The analogy of custodianship emphasizes the temporal aspect of the Law. Since the Torah is compared to a “custodian,” to say the heir is no longer under the custodian is to say the believer is no longer under the jurisdiction of the Mosaic legislation. If the Law was unable to acquit anyone before God, and if it was added after the “promise,” which it could not modify, what was the purpose of the legislation given at Mount Sinai?
Paul addresses this very question (“Why, then, the law?”). It was given to teach Israel that sin constitutes transgression of the expressed will of God. The Law was the “custodian” assigned to guard Israel until the promised "Seed" arrived. However, the custodial function was always temporary and provisional.
In Paul’s larger argument, the temporal aspect of the Law comes to the fore. It was given as an interim stage in God’s larger redemptive program. But with the arrival of the “Seed,” it reached its termination point and no longer had jurisdiction over who was in the covenant community and who was not. Paul then draws out the social implications of this change:
- (Galatians 3:26-29): “For you all are sons of God through the faith in Christ Jesus; For you, as many as into Christ have been baptized, have put on Christ.
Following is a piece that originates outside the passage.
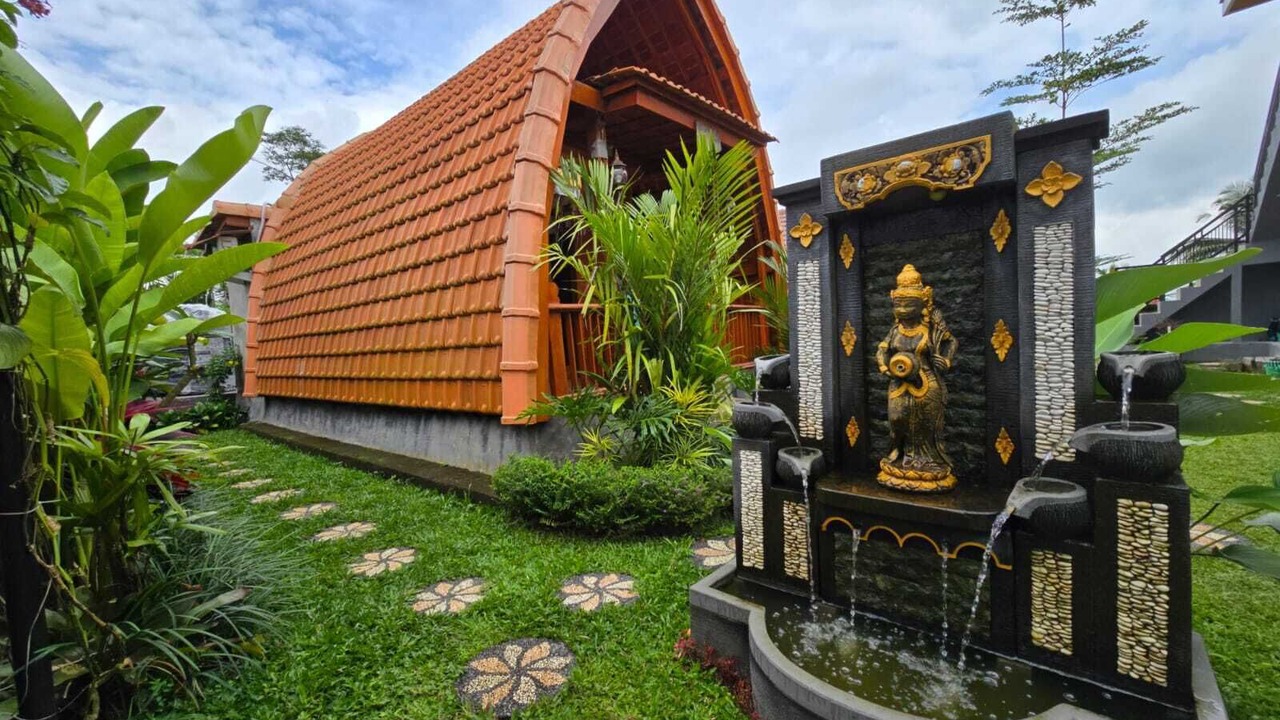 Photo of Outdoor in Tembuku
There cannot be Jew or Greek, there cannot be slave or free, there cannot be male and female, for all are one in Christ Jesus: Now, if you are of Christ, by consequence, you are Abraham’s seed, according to promise, heirs.”
To return to the custodianship of the Law is a regression to an earlier stage in the Divine plan of Redemption, one that was characterized by division between Jews and Gentiles, a barrier now eliminated by the death of Jesus.
This paragraph is pivotal to the Letter since it stresses the oneness of God's people. The old social distinctions are wholly inappropriate now that the “promised seed” has arrived. To pressure other believers to pursue a Torah-observant lifestyle would rebuild the old and outdated barriers.
One function of the Law was to keep Israelites distinct from Gentiles, and this was by design. The arrival of Jesus meant there was a new basis for defining and delimiting the people of God.
Previously, uncircumcised Gentiles were outside the Abrahamic Covenant, and therefore, NOT “sons of God.” They could only become members of the covenant community by undergoing circumcision and otherwise adopting a Torah-observant lifestyle. Effectively, they ceased to be Gentiles and became Jews.
But the Law also distinguished between slaves and freemen, male and female. Women could not fulfill certain requirements of the Law or participate fully in corporate worship in the Temple because of periodic uncleanness from menstruation. Women were restricted to the Court of Women at a further distance from the presence of Yahweh. Religiously speaking, they were second-class citizens. To now embrace a Torah-observant lifestyle would reinstitute this inequity.
The clause, “you are all,” refers to Gentile and Jewish believers (“That the promise should be given to those who believe”). Before the coming of the “Seed,” all things were under confinement, both Jews and Gentiles. Now, both groups are no longer confined under sin or the Law, and both have become sons of God “through the faith of Christ Jesus.”
Several times in the Letter Paul emphasizes the word “all.” Both believing Jews and Gentiles have been made “sons of God” through their faith in Jesus. It is “in Christ” that believers become the true “sons of God” and “Abraham's seed, heirs according to promise.”
This does not mean that ethnicity and gender no matter in the daily lives of believers, but such distinctions are irrelevant to anyone’s standing before God or membership in His covenant community.